Activity:
With the line containing "Cord Trim,Mix Beige" as the first line and the last line of the records as the final one, reproduce that range exactly.

Extracted data:
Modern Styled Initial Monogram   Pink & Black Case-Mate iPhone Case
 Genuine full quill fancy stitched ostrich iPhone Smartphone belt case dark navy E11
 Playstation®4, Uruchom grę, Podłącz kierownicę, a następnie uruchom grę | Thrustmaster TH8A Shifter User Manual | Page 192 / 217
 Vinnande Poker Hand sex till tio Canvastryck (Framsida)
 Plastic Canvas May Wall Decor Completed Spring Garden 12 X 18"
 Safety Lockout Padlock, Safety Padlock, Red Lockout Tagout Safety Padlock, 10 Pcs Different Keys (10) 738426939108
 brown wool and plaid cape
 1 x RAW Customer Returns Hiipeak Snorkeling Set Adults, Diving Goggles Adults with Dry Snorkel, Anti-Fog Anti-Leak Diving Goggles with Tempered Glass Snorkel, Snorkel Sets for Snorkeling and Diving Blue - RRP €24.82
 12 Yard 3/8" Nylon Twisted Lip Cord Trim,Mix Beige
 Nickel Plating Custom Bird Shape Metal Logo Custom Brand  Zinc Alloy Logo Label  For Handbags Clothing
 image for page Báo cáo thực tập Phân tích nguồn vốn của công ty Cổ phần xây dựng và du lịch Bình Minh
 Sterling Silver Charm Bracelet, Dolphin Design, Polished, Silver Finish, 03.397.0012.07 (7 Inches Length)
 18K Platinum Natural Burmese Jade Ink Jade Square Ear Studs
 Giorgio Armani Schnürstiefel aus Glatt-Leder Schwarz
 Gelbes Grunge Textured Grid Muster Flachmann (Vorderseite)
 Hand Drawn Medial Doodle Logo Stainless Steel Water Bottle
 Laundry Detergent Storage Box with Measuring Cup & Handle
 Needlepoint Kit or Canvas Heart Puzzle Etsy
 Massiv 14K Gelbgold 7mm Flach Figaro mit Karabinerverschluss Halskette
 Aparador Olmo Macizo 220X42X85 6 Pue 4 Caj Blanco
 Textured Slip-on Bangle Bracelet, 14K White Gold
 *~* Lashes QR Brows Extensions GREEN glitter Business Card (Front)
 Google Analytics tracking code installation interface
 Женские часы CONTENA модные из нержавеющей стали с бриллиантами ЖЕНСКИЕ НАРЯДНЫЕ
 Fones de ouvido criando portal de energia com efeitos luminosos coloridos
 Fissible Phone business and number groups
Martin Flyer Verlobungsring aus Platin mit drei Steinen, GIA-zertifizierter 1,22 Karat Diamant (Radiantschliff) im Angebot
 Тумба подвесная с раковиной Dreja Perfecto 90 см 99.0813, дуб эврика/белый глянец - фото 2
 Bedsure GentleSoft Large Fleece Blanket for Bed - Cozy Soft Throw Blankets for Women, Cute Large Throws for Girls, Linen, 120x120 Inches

Answer to this task:
 12 Yard 3/8" Nylon Twisted Lip Cord Trim,Mix Beige
 Nickel Plating Custom Bird Shape Metal Logo Custom Brand  Zinc Alloy Logo Label  For Handbags Clothing
 image for page Báo cáo thực tập Phân tích nguồn vốn của công ty Cổ phần xây dựng và du lịch Bình Minh
 Sterling Silver Charm Bracelet, Dolphin Design, Polished, Silver Finish, 03.397.0012.07 (7 Inches Length)
 18K Platinum Natural Burmese Jade Ink Jade Square Ear Studs
 Giorgio Armani Schnürstiefel aus Glatt-Leder Schwarz
 Gelbes Grunge Textured Grid Muster Flachmann (Vorderseite)
 Hand Drawn Medial Doodle Logo Stainless Steel Water Bottle
 Laundry Detergent Storage Box with Measuring Cup & Handle
 Needlepoint Kit or Canvas Heart Puzzle Etsy
 Massiv 14K Gelbgold 7mm Flach Figaro mit Karabinerverschluss Halskette
 Aparador Olmo Macizo 220X42X85 6 Pue 4 Caj Blanco
 Textured Slip-on Bangle Bracelet, 14K White Gold
 *~* Lashes QR Brows Extensions GREEN glitter Business Card (Front)
 Google Analytics tracking code installation interface
 Женские часы CONTENA модные из нержавеющей стали с бриллиантами ЖЕНСКИЕ НАРЯДНЫЕ
 Fones de ouvido criando portal de energia com efeitos luminosos coloridos
 Fissible Phone business and number groups
Martin Flyer Verlobungsring aus Platin mit drei Steinen, GIA-zertifizierter 1,22 Karat Diamant (Radiantschliff) im Angebot
 Тумба подвесная с раковиной Dreja Perfecto 90 см 99.0813, дуб эврика/белый глянец - фото 2
 Bedsure GentleSoft Large Fleece Blanket for Bed - Cozy Soft Throw Blankets for Women, Cute Large Throws for Girls, Linen, 120x120 Inches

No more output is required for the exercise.